# JD 2210, about 10 yrs old, very low usage...won't start



## susan canaday (Jul 23, 2018)

So my little tractor has a problem. I think it's called a 'no crank situation.' Tractor has been very little trouble over the years and gotten moderate use. It has under 500 hours on it. It is usually stored indoors. I use it for mowing grass, things like that. Nothing heavy. It has a bucket, a mowing deck and a T-4 rake on the back. I'm generally careful and don't overload it.

The other day I started it with no trouble, drove it for a few minutes, just from the barn to the garage. My friend put some diesel in it for me, I drove it 30 seconds or a minute or so, to a small, short lane I wanted to rake a little so I could seed it. I turned tractor off and got off to adjust the pins on the rake.

And could not start it back up. I would hear a very faint click when I turned the key, see lights on the dash, but it would not crank the engine.

It was not even like it tried to crank at all, not even a tiny bit, not even once, so I suspected a safety switch. I checked the pto switch, the hydrostatic shift to be sure it was in neutral, made sure the mowing deck was not on. No, that all checked out fine. Seat safety switch? I just replaced that some months ago, and it looked fine.

So naturally I looked at the battery, which is fairly new - 2 yrs, I think. I noticed the ground cable on the battery had a tiny hair line crack in the clamp that secures it to the battery post, and that its bolt was missing. Cleaned the battery and surrounding area all up, tried to secure the negative clamp temporarily with a tie wrap til I could find a bolt. Not yet convinced that's the trouble, though. Cable looks fine along its length and is securely clamped on the other end to the frame of the tractor. And even as it is, it's fairly tight on the post.

Ordered a replacement cable. Shop got the wrong one. Mechanic said he'd make me one, still haven't heard back, it should take a few minutes to make. Shop guy advised me to jump it from a car. I tried, but the engine would not crank.

In my fertile imagination, I think that if it won't crank because the battery was poorly grounded, the jump cable being clamped to the frame would make up for that. But it would not start. Would not even crank, not even once. We jumped it from a compact car.

I thought of a number of possibilities - the solenoid on the starter is bad, the starter is bad, a safety switch is bad. I don't know how to narrow it down. I guess I go out and buy a volt meter? What do I do next?

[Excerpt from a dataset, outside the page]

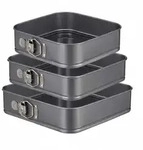 Relaxdays Springform quadratisch 3er Set, antihaftbeschichtet, eckige...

I really need to try and do it myself. The local shop charges a ton for any work and I'm not flush with cash.


----------



## Guest (Jul 23, 2018)

Hello and welcome to the Tractor Forum. You don't say where you applied the hot side of your jumper cable when you tried the jump start, and assuming you had a good ground on the tractor and jumping vehicle connections were good and vehicle running. I suggest you do get a reasonably priced multimeter. Something in the $25 range should do nicely, perhaps with alligator clip leads as well as probe tips. A fully charged battery should have 13.4 volts or so available, alternator should put out that much also when charging. When you tried starting without the jump, did the lights dim a bit? With ignition off the multimeter can check that safetys are closing also. I wonder if it will start once cooled off? Don't expect much from your tie wrap connection though. Most auto parts stores can and will test your battery, alternator and starter for you...call first! Having these tested will eliminate a lot. Batteries will fail due to heat or cold, sometimes sooner than later. Again welcome to the forum. One of the better mechanics on here will notice this soon.


----------



## susan canaday (Jul 23, 2018)

I tried to start it many times after that over the next couple days. Same response. No crank.

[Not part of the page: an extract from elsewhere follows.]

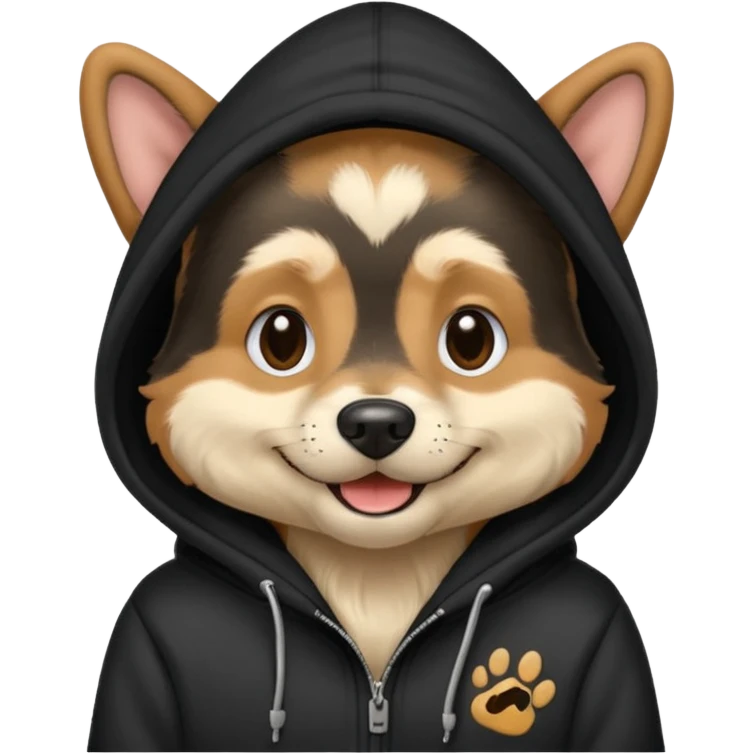 Dog wearing hoodie  emoji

As far as the lights dimming a little when I turned the key, yes, a little, and the needle drifted downward slowly as well.


----------



## Guest (Jul 23, 2018)

where are you putting the hot jumper cable when you tried to jump start?


----------



## sixbales (May 18, 2011)

Repair or replace the ground cable first. You must have clean, tight battery connections. Put a charger on the battery. It may be a defective safety switch. To bypass the safety switches, jumper a screwdriver between the positive battery cable connection on the starter solenoid and the small wire with the spade connection on the starter solenoid.


----------



## susan canaday (Jul 23, 2018)

Graysonr said:


> where are you putting the hot jumper cable when you tried to jump start?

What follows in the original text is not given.